▶ Dataset excerpt:
┄┄┄┄┄┄┄┄┄┄

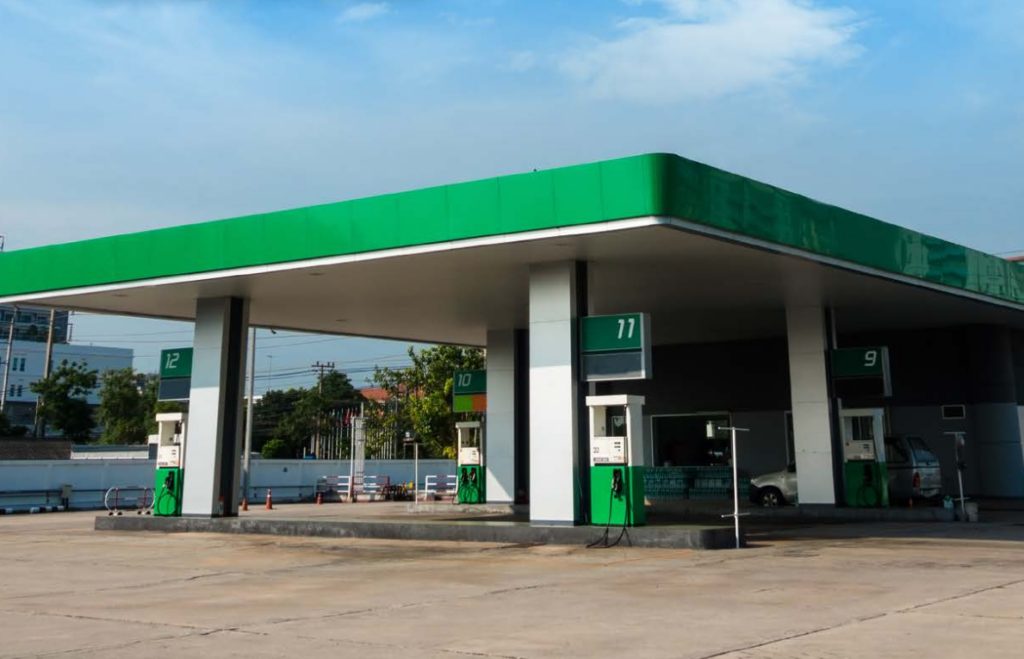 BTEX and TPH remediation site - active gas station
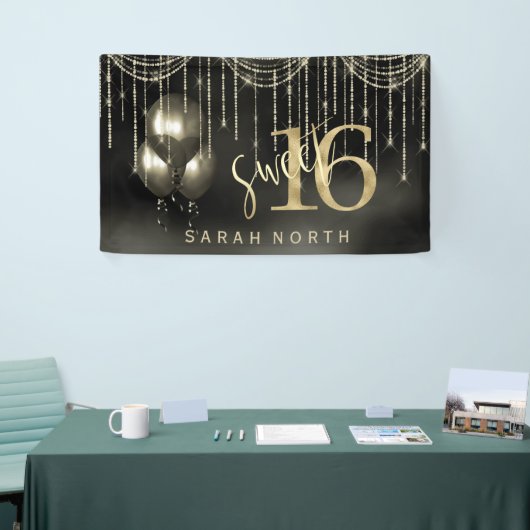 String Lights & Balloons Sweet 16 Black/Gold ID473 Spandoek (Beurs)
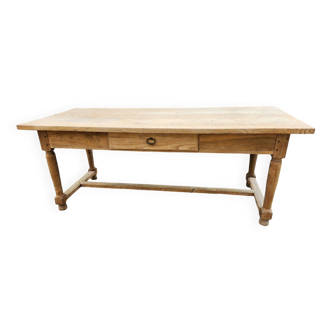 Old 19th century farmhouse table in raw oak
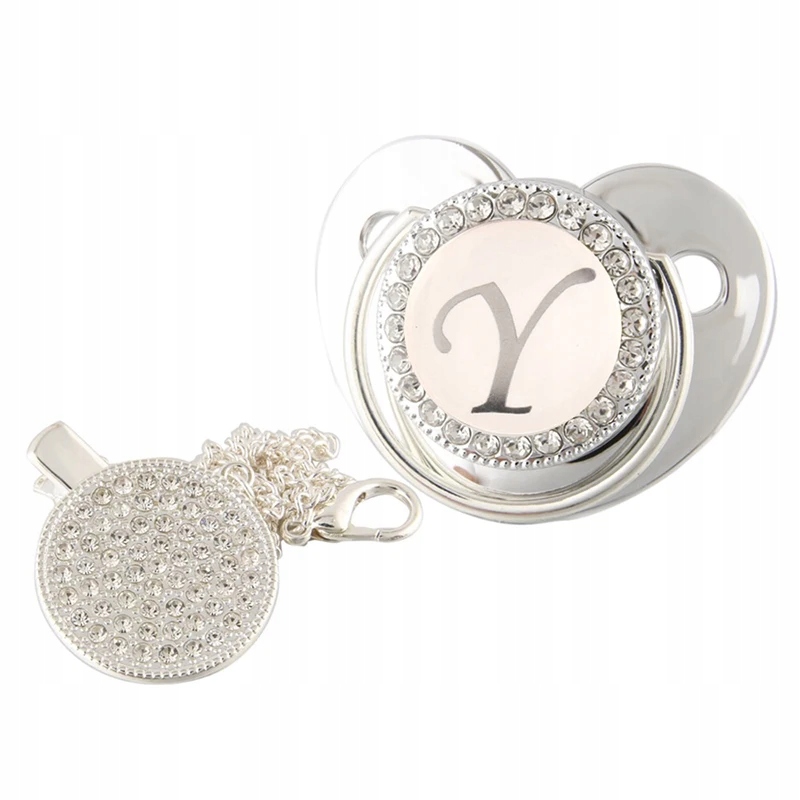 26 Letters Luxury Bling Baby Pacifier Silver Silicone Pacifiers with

┄┄┄┄┄┄┄┄┄┄

▶ What you are asked to do:
The material above should be printed again exactly, with each picture left out.

▶ Result of this exercise:
 BTEX and TPH remediation site - active gas station
 String Lights & Balloons Sweet 16 Black/Gold ID473 Spandoek (Beurs)
 Old 19th century farmhouse table in raw oak
 26 Letters Luxury Bling Baby Pacifier Silver Silicone Pacifiers with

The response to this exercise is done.